Екатерина, вероятно, ценила одиночество, а потому спокойно относилась к отсутствию слуг в эти ранние часы. Однажды, когда слуги ей все-таки понадобились, она позвонила пару раз в колокольчик и, никого не дождавшись, выглянула в соседнюю комнату. Слуги играли в карты. На упрек государыни они как ни в чем не бывало ответили: «Мы просто хотели закончить партию». Такую сцену даже трудно себе представить, ее можно объяснить только добрым нравом самой хозяйки и, возможно, привычкой императрицы, разбаловавшей слуг. Дело в том, что утром Екатерина обычно навещала своего фаворита и не любила попадаться кому бы то ни было на глаза. Это было ее личное время. И слуги об этом знали.
К девяти императрица покидала кабинет и направлялась в спальню слушать дела. Приглашение в спальню, пришедшее в Россию из Франции, воспринималось как знак особого доверия монарха, хотя мизансцена мало чем отличалась от офисной. Екатерина сидела за небольшим столиком. Напротив, тоже за столиком, устраивался докладчик. Интимность обстановки подчеркивал только наряд государыни – белый шлафрок, то есть ночная рубашка, капот и чепец, который обычно сползал на левую сторону. Здесь она также не стеснялась носить очки с толстыми стеклами. «Верно, вам еще не нужен этот снаряд, – кокетничает императрица с секретарем, – а мы в долговременной службе государству притупили зрение».

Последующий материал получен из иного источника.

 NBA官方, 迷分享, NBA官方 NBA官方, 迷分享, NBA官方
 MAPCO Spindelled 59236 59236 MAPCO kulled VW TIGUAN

Ко времени докладов дворец уже просыпался, и гул огромного муравейника нередко беспокоил государыню. Впрочем, она это терпела. Однажды какая-то молодежь принялась играть в соседней комнате в волан и так расшумелась, что Екатерина не могла расслышать слов докладчика. Он спросил императрицу: «Не прикажете ли велеть им замолчать?» – «Нет, у всех свои занятия, – отвечала Екатерина. – Оставьте их веселиться, а сами читайте погромче». В подобных историях хорошо заметно, что Екатерина не просто внесла стилистические коррективы в грубые нравы российского общества, она внутренне была убеждена в праве подданных на личную жизнь, не подчиненную высшим интересам, а абсолютно самоценную и автономную. Это ее убеждение проявлялось не только в массе бытовых мелочей, но и в законодательстве.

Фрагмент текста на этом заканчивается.